Hudson Group plans to close its travel stores at the Orlando International Airport ahead of a major overhaul that will add dozens of new dining and retail options to the airport’s lineup, including a variety of local favorites.
The company notified the state last month that it expects to lay off 44 employees when six Hudson News retail locations in terminals A and B shut down in January or early February of next year. The stores sell books, snacks and other travel essentials.
“The concessions contract is transitioning to a new operator,” said Raven Padgett, a Hudson spokeswoman, in a statement. “During this process, we are prioritizing our employees and actively working to connect impacted team members with opportunities with the new operator.”
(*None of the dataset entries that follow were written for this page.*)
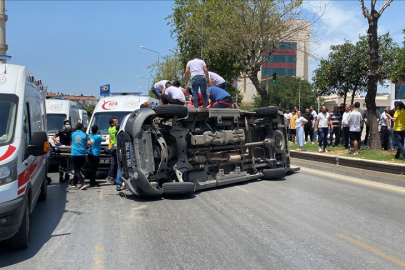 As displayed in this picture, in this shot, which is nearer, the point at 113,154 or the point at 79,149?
the point at 79,149

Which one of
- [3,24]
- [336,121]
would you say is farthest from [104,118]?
[336,121]

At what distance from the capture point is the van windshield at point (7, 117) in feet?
18.5

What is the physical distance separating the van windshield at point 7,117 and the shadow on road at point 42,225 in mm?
1457

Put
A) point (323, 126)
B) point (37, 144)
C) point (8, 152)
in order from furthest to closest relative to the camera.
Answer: point (323, 126) → point (37, 144) → point (8, 152)

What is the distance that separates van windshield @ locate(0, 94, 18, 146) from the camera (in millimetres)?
5647

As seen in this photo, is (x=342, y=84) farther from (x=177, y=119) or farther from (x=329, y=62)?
(x=177, y=119)

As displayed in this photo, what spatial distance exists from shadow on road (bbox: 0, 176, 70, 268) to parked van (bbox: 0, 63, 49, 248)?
154mm

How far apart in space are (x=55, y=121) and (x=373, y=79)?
453 inches

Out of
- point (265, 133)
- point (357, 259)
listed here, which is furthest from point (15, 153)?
point (265, 133)

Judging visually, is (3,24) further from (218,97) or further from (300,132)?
(300,132)

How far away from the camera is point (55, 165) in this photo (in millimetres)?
14312

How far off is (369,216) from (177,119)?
4154mm

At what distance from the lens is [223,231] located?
6270 mm

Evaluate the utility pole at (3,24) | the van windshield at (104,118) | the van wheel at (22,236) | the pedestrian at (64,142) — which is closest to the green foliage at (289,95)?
the utility pole at (3,24)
A fixture in airports nationwide, Hudson operates more than 1,000 stores across North America.
The Hudson shops in Orlando’s busy airport will be occupied by new businesses, Angela Starke, an airport spokeswoman, said in an email.
Construction is expected to start next year on the airport’s three-phase concession plan, which will redevelop more than 200,000 square feet of space. Restaurant and retail openings are planned from next summer through late 2028 in terminals A and B, the airport’s older facilities.
Phase 1 of the plan includes adding a variety of Central Florida eateries, including 4Rivers Southern Smokehouse, Black Bean Deli, Otto’s High Dive, Maxine’s, Seito Sushi, SoDough Detroit Pizza and Stasio’s Italian Deli
Local retail brands to join the airport lineup include Adjectives, The House on Lang, Writer’s Block Bookstore, and Orange Appeal.